Your nonprofit is going through an executive transition. The new executive director is finally in place. Now it’s time for the Board of Directors to back out of the way and let the new ED find his or her own way. According to a recent article in Associations Now, this is the time when the board is most eager to hand things off to the new CEO and, yet, it is the time when an onboarding process is most helpful and necessary. “Onboarding is a two way street” with the “board giving guidance to the new CEO” and the CEO and board “collectively setting the new leadership agenda.”
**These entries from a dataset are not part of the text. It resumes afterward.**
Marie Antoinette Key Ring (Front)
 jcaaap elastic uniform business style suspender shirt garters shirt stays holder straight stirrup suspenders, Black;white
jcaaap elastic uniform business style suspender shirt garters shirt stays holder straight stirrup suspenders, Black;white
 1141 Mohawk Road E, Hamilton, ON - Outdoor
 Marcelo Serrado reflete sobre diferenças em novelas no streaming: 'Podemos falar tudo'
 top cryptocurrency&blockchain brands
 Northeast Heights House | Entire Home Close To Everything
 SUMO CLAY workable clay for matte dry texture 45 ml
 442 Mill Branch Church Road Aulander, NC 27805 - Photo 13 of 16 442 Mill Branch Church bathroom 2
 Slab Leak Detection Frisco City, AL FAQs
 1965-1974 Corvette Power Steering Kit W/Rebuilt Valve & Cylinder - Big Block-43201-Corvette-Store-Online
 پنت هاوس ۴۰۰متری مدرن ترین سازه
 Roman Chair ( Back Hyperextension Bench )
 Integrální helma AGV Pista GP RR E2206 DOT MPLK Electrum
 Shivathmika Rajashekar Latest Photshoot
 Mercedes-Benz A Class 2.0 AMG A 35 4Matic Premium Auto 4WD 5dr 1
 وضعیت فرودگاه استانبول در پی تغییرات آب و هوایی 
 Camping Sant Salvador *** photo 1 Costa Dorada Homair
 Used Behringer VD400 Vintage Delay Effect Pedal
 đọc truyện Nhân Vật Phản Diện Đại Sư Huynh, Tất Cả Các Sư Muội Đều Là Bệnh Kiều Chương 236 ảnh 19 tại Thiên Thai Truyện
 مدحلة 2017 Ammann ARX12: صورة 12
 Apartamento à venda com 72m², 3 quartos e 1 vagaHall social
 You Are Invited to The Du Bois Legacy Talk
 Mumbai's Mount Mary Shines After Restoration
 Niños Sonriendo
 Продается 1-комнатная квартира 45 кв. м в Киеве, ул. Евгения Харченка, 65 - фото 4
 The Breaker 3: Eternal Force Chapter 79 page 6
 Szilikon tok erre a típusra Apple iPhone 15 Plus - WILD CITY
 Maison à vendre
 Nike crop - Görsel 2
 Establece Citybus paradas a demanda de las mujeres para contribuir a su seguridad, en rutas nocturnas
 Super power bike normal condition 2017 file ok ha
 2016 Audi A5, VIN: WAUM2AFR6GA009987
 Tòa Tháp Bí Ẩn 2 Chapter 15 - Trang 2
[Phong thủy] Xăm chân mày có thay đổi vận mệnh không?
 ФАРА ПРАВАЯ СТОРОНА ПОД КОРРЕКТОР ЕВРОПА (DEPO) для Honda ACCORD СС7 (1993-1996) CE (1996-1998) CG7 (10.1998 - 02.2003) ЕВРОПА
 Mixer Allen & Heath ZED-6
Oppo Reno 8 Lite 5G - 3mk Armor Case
An article in the Stanford Social Innovation Review refers to a number of studies and the experience of experts on executive transitions which suggest that there are at least five ways to “boost the board performance where it counts most: onboarding and supporting the new CEO.” Here are the five recommendations for boards to adopt a “leadership development mindset” for supporting the new Executive Director:

  1. Lay the groundwork for the new leader: The suggestion is for the board to think 3–5 years out as to where the organization needs to be and work backward to surface the skills needed by the new leadership. The board could identify tough decisions that need to be made before the arrival of a new leader.
  2. Collectively set the new leadership agenda: According to the SSIR article, almost 40 percent of those surveyed felt that the board was not effective in helping to set priorities in the first year. The leadership agenda is a shared process that starts before the new CEO and evolves as the CEO learns more about the organization.
  3. Get clear on roles: Questions to be answered include
    • Who sets the agenda for board meetings?
    • What decisions will the board participate in?
    • How and when is the CEO evaluated?
  4. Go slow in orientation to go fast on the job: The board needs to ensure that the CEO has time to build relationships and get to know the organization as a whole. Create a transition committee made up of members of the search committee, plus maybe some staff, or perhaps a new group of board members. The focus is to help the new leader get fully into the flow of the organization. This committee could identify key meetings to attend and communicate the transition to key stakeholders.
  5. Make the collective setting of goals and evaluation of progress routine: “Setting expectations proactively lays the foundation for a healthy relationship between the board and new executive.” Almost 70 percent of the executive directors surveyed did not feel that their goals and milestones in their first year were established with the support of the board. According to the Associations Now article, at last year’s ASAE annual meeting, the workshop speaker emphasized “turn[ing] the evaluation conversation to look at future needs, not just past metrics”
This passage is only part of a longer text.